L’histoire principale est celle d’une mannequine en plastique qui passe un jour dans la cité johannique. Symbolise-t-elle la touriste attendue ou personnifie-t-elle la cité, nul ne sait. C’est de la com’, rien de plus. Cependant, elle, elle ne parle pas, ce qui lui évite de dire des conneries.

Barbie arrive en avion, elle prend une autoroute, passe devant la gare de l’agglomération* et peut-être le tramway.

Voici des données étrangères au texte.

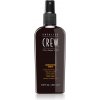 American Crew Styling Grooming Spray tvarujúci sprej pre pružné spevnenie 250 ml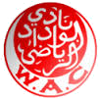 Logo Wydad Casablanca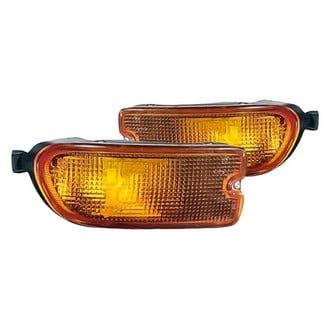 Replacement - Signal Lights
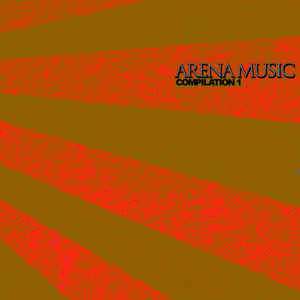 Atlas (Bad Idea Remix)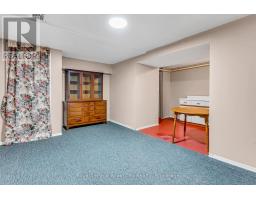 52 - 16 Hadati Road, Guelph, ON N1E6M2 Photo 24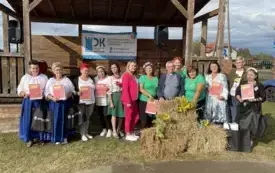 Galeria aktualności II Festiwal Letnich Smak&oacute;w 4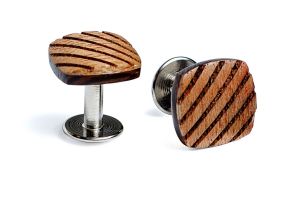 Manžetové knoflíčky Sull Manžetové knoflíčky Sull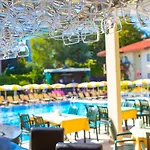 Gardenia Otel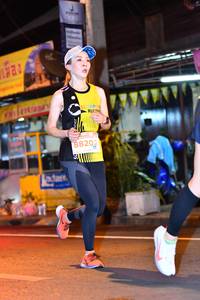 BIB: 88202
                            <button type="button" onclick="openModal(13909288)" class="btn btn-primary btn-sm float-right btn-popup" data-toggle="modal" data-target=".modal-high-quality">
                        <i class="fas fa-shopping-cart"></i> Add to Cart
                    </button>
                                            <button type="button" onclick="isThisMe(13909288, true)" class="btn btn-success btn-sm float-right btn-popup btn-isme hidden" data-toggle="tooltip" data-placement="bottom" title="นี่คือรูปของคุณใช่ไหม คลิกที่นี่เพื่อเอาเข้าอัลบั้ม">
                        <i class="fas fa-plus"></i> Add to album
                    </button>
                    <button type="button" onclick="isThisMe(13909288, false)" class="btn btn-warning btn-sm float-right btn-popup btn-isnotme hidden">
                        <i class="fas fa-ban"></i> Remove from album
                    </button>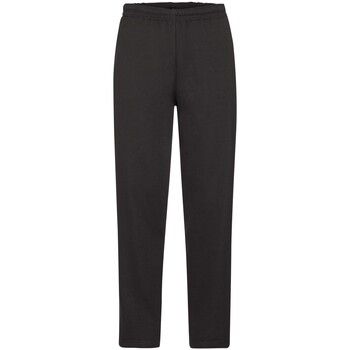 Fruit Of The Loom Pantalón chandal FK2376 para hombre
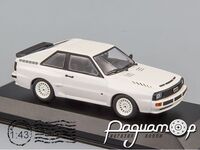 Audi Sport Quattro (1984) 943012124
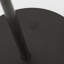 Doppia LED Table Lamp-1477838531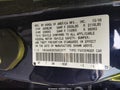 2007 Acura TL — photo 9 of 17 | VIN 19UUA662X7A003925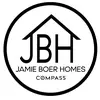 Jamie Boer Homes - @jamie.boer.homes - TikTok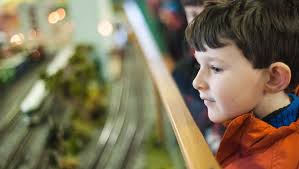 Weekend Rewind: Delawareans Caught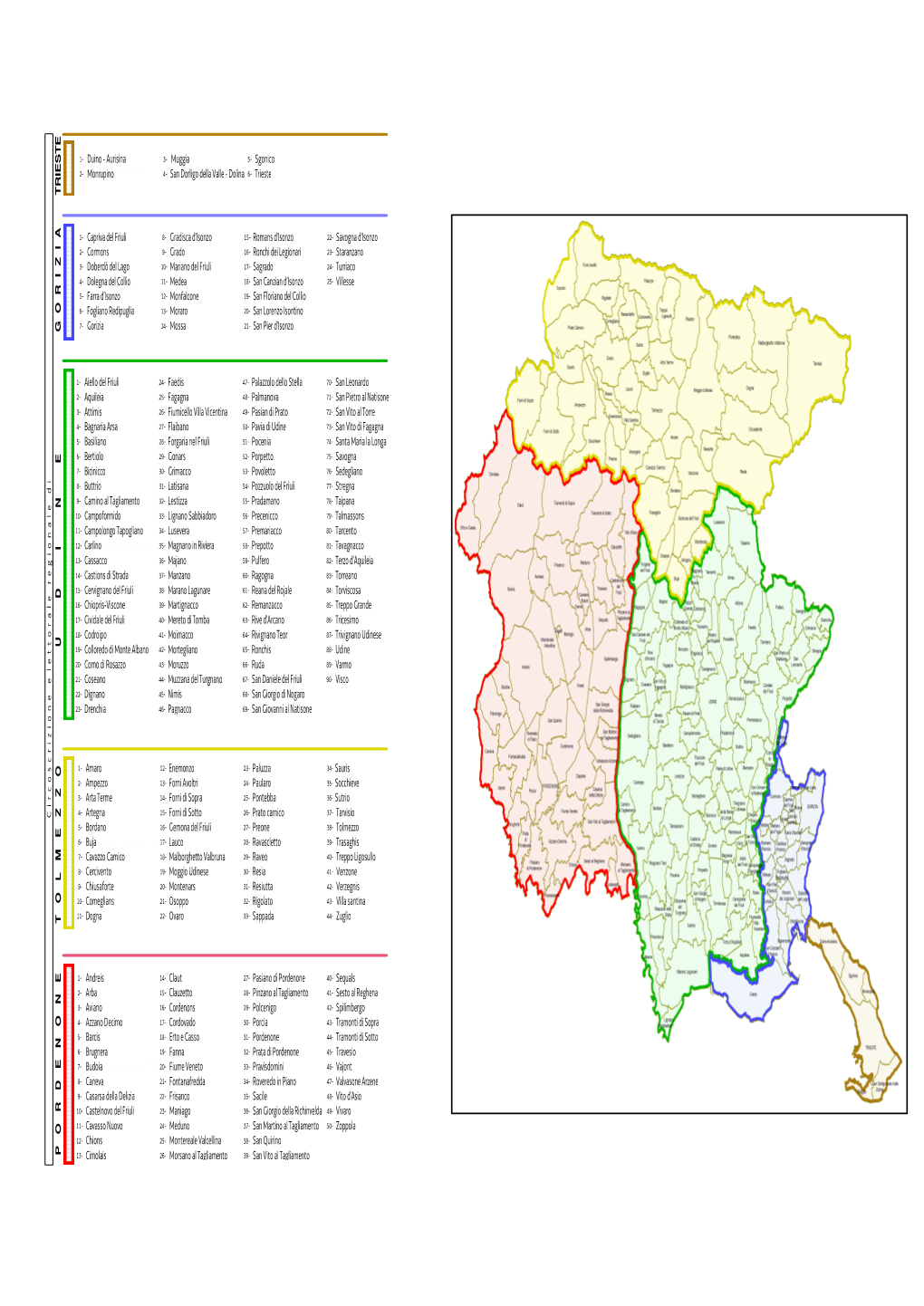 Circoscrizioni-Regionali 2018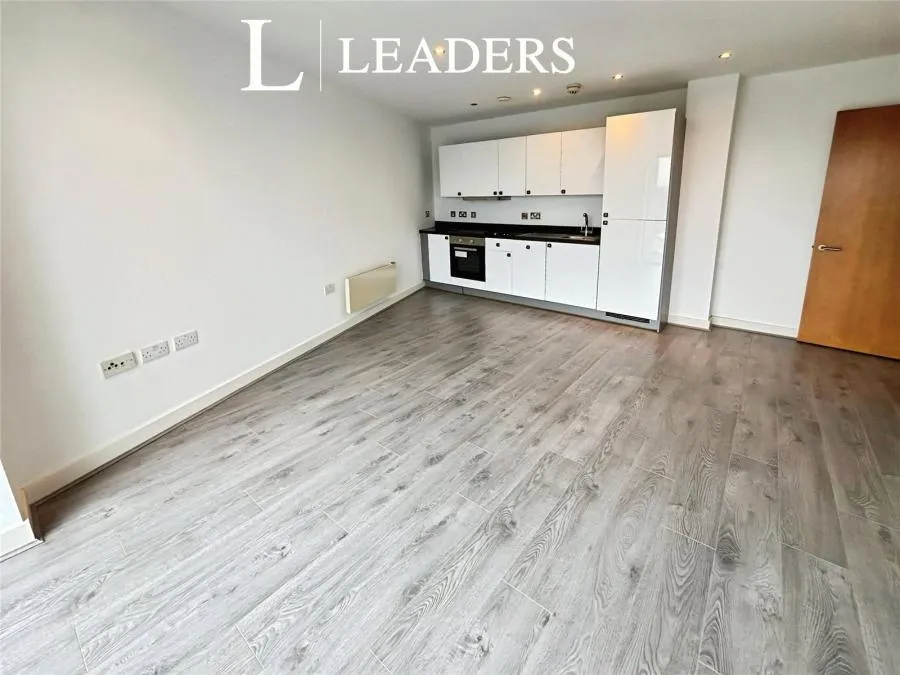 Princes Parade, Liverpool, L3, photo 10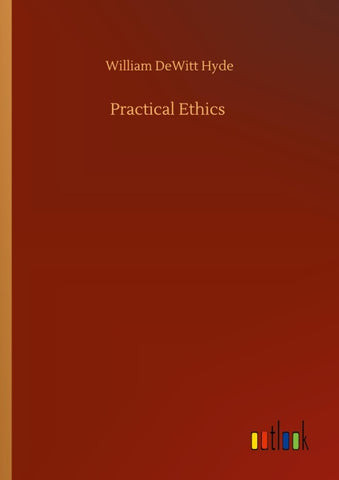 Practical Ethics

Petite rupture dans la narration de la folle journée de la poupée de cire, elle se téléporte au LabO ; pourquoi ? Comment ? Nul ne le sait et « en-même-temps » nous nous en moquons un peu. Du LabO, elle sait qu’elle ne sera pas embêtée par la circulation des vélOs (>fr) puisque de l’ancien site industriel, tout a été fait pour ne pas gêner la circulation des motorisés. Cela tombe bien, Barbie sait conduire les camions, en prend un et va sur la super plate-forme au nord de l’agglomération. Là, elle nous explique être cosmométologue**, Barbie a donc fait des études, avec la tête dans les étoiles. Après s’être envoyée en l’air, Barbie fait son marché, car une belle plante à la plastique lisse a des racines dans la terre.

Un peu fatiguée de sa matinée, avec toutes ces choses à faire, Barbie va se sustenter. Et ça tombe bien, figurez-vous brave monde qu’il y a des restaurants dans la cité de Jehanne, et nous y mangeons cuit, et ailleurs que sur un bûcher.

Barbie est curieuse de la vie, mais peut-être son système de guidage la trompe pour sa promenade digestive, car l’itinéraire « officiel » de la Loire à vélo ne passe pas encore par Combleux.

Si jamais le père-inventeur voit l’image suivante :

Attention Barbie, Ken ne sera pas à la hauteur du courroux de celui qui, il y a 30ans, aurait pu être pris pour un fou.

En même temps, la poupée de plastique semble s’en moquer un peu de la Loire. Elle, elle désire faire les courses… le dimanche. Et c’est important de s’acheter un chapeau le dimanche, surtout quand vous prévoyez d’aller faire du vélo le long d’un panorama qui va bientôt être bétonné par les amis de la mairie d’Orléans (>fr). En même temps, une poupée de cire, sous le soleil des canicules à venir…

Attention aux chiffres

Nous allons laisser Barbie un instant pour regarder de plus prés ces chiffres plus délirants les uns que les autres.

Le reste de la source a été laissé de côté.